The Rosetta Stone for cosmologists is the cosmic microwave background (CMB), remnant radiation from the surface of last scatter some 380 000 years after the Big Bang. Through increasingly precise microwave-band measurements, most recently by the Planck satellite, scientists have refined their basic model of the universe. Known as ΛCDM, the model posits the existence alongside normal matter of cold (that is, nonrelativistic) dark matter and dark energy in the form of the cosmological constant. Yet for all the useful clues embodied in the CMB, there is a complementary cosmological story to be told by analyzing more modern structures, particularly galaxy clusters.

Enter the Dark Energy Survey, a galactic census of unprecedented detail conducted with a 570-megapixel camera mounted on a 4-meter optical telescope in Chile (see the article by Josh Frieman, Physics Today, April 2014, page 28 ).

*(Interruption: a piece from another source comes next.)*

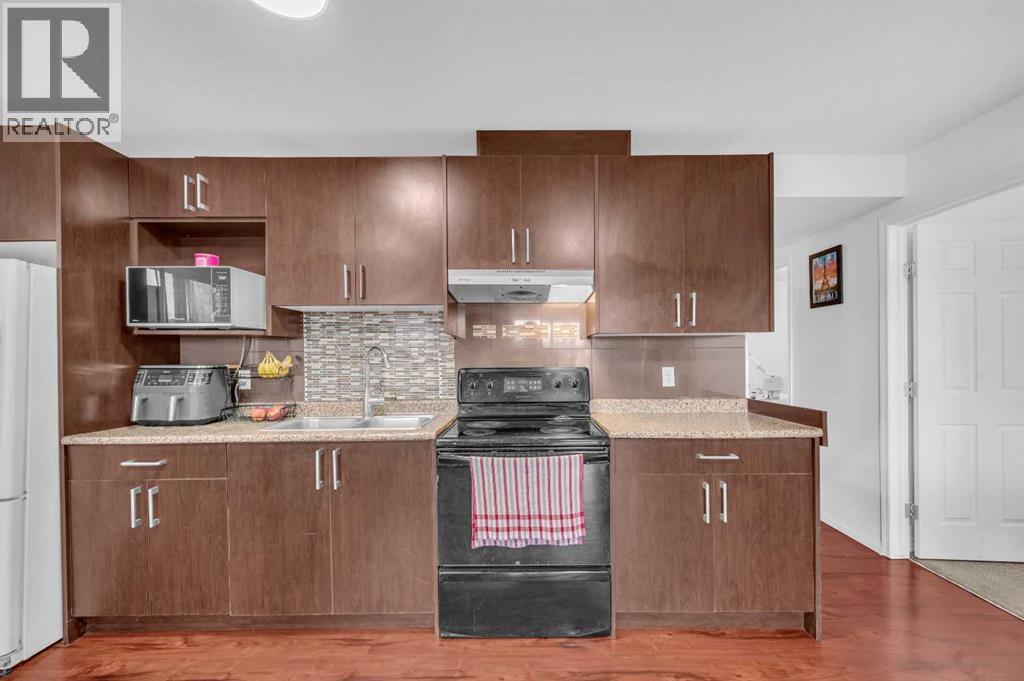 Single Family House for Sale in  Taracove Estate Drive NE Taradale Calgary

In the first phase of the project, conducted over five-plus months in 2013–14, researchers charted 26 million galaxies in 1300 square degrees of sky (see the map). They focused on two features: the spatial distribution of the galaxies and the distortions in the galaxies’ apparent shape as their light was weakly gravitationally lensed by 650 000 foreground galaxies.

The results rival the precision of Planck’s and are largely consistent with both the ΛCDM model itself and the model’s parameters as derived mostly from the CMB. Determinations of the density of matter in the universe and the sum of the neutrino masses, for example, yielded values that deviated slightly but are compatible with those from Planck. The survey data are also consistent with an unvarying cosmological constant. When combined with Planck measurements, the survey brings the value of the Hubble constant closer to the value deduced by observations of supernovae and Cepheid variable stars (see the article by Mario Livio and Adam Riess, Physics Today, October 2013, page 41 ).

The survey’s error bars should shrink further once researchers crunch more data, first from three years of observing and then from five. Ultimately, the Large Synoptic Survey Telescope, currently under construction in Chile, will grab the baton when its camera captures 3.2-gigapixel images of more than 30 billion galaxies. (Dark Energy Survey collaboration, papers presented at the American Physical Society’s division of particles and fields meeting, 3 August 2017.)